The report stated that by relaxing certain regulations relating to risk assessments, companies across Europe could save as much as £2.7 billion.
While David Cameron suggested that "sweeping away burdensome rules" is important, IOSH head of policy and public affairs Richard Jones warned that it is wrong to label health and safety as a threat to small companies.

He said it is important to remember that health and safety failures cost the UK £13.4 billion each year and this figure is doubled when the cost of occupational cancers and property damage is taken into account.

"In this latest report, we're concerned that once again health and safety is misunderstood and wrongly labelled as a hindrance to business - whereas research shows that positive feelings about work are linked with higher productivity, profitability and worker and customer loyalty," Mr Jones remarked.

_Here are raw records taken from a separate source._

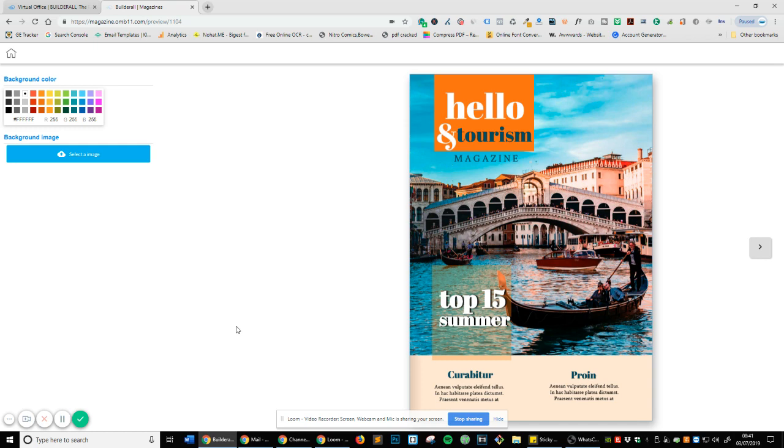So make sure you click the link in the description and you'll receive all these templates as well as a free trial link. Thanks for watching. And if you've got any questions, leave a comment below.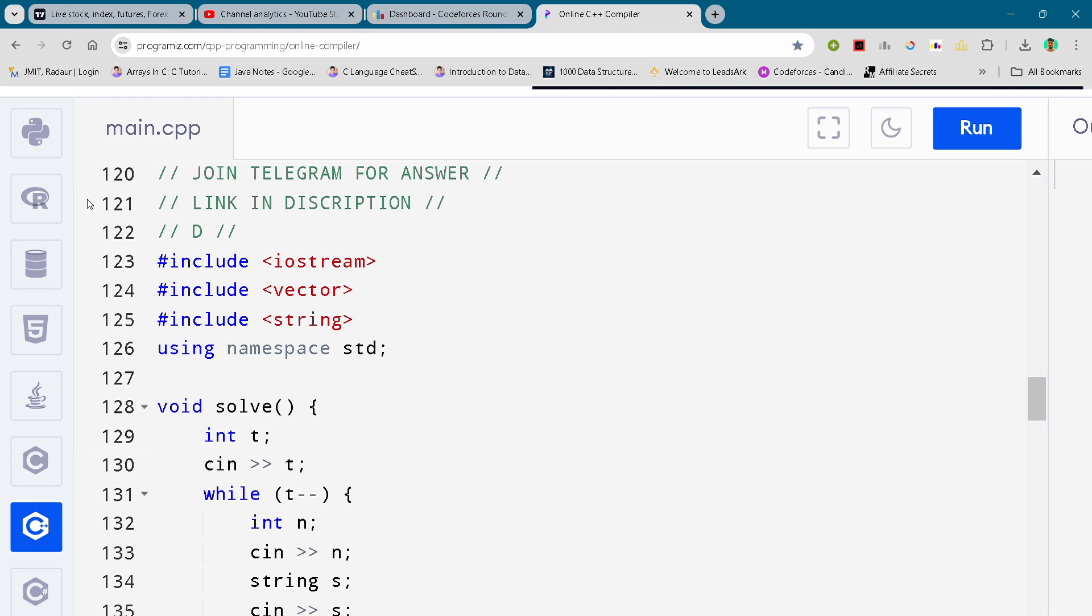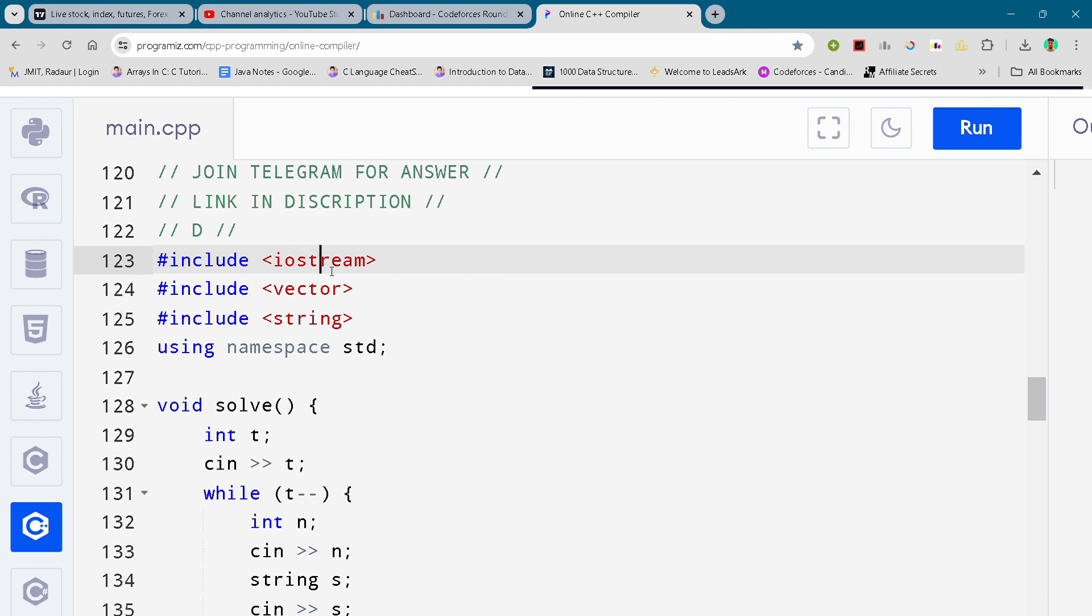Hi guys, I'm back with another CodeForces round Division 3, and in this video I'll be giving you the solution for problem number D. If you want to copy the code, then you can join my telegram channel. The link is in the description.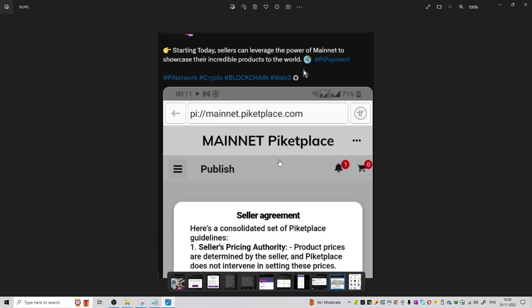Starting today, sellers can leverage the power of mainnet to showcase their products to the world. People can now use seller agreements and buyer agreements and integrate Pi Network. The selling and buying process is easier and can be done through Pi mainnet.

He added that small firms need more support from the government, especially when it comes to completing and filing risk assessments.

Mr Jones also pointed to the fact that some bodies that represent small and medium-sized enterprises (SMEs) have already opposed "general exemption" from health and safety laws, most notably the European Association of Craft SMEs.

Earlier this month, UK business secretary Vince Cable admitted that health and safety might have an image problem. This is despite the fact Britain has one of the best occupational health and safety records in Europe.

He said it is "caricatured as bureaucracy and red tape", although organisations like IOSH are doing their best to raise awareness of the importance of workplace safety laws.